Material for this task:
━━━━━━

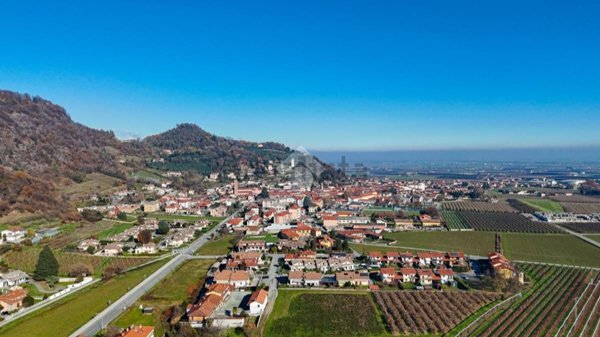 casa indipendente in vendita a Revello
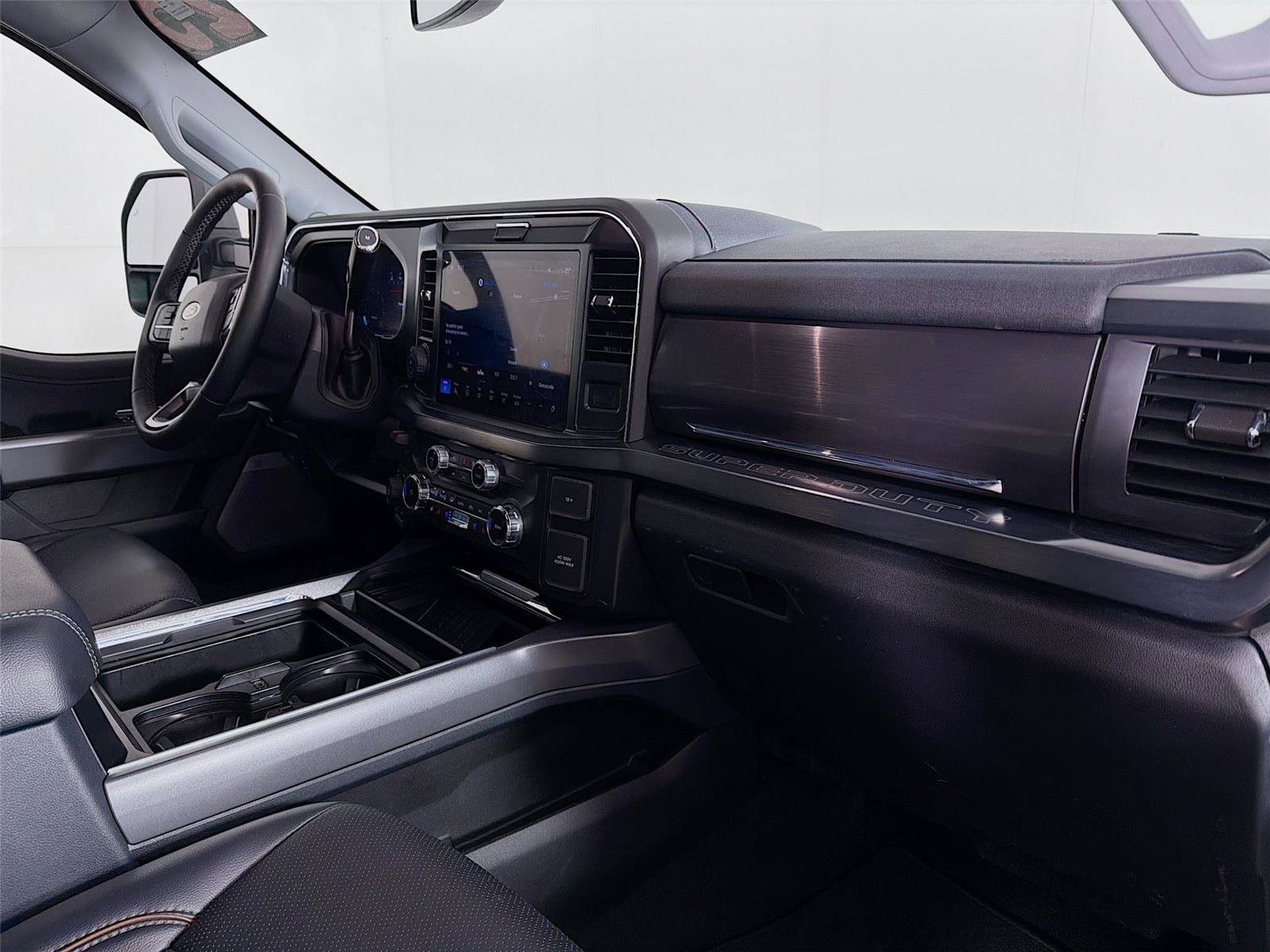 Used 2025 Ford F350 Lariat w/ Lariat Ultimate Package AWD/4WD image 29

━━━━━━

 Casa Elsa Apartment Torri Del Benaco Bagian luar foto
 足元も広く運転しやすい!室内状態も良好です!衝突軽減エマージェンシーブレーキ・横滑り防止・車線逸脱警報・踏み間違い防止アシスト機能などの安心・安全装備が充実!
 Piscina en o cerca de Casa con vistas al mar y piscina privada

━━━━━━

Problem to solve:
There is a line with "Casa Elsa Apartment" and a line with "Piscina en o" above. Copy exactly those two lines and all lines between them, with nothing else.

Solution to this problem:
 Casa Elsa Apartment Torri Del Benaco Bagian luar foto
 足元も広く運転しやすい!室内状態も良好です!衝突軽減エマージェンシーブレーキ・横滑り防止・車線逸脱警報・踏み間違い防止アシスト機能などの安心・安全装備が充実!
 Piscina en o cerca de Casa con vistas al mar y piscina privada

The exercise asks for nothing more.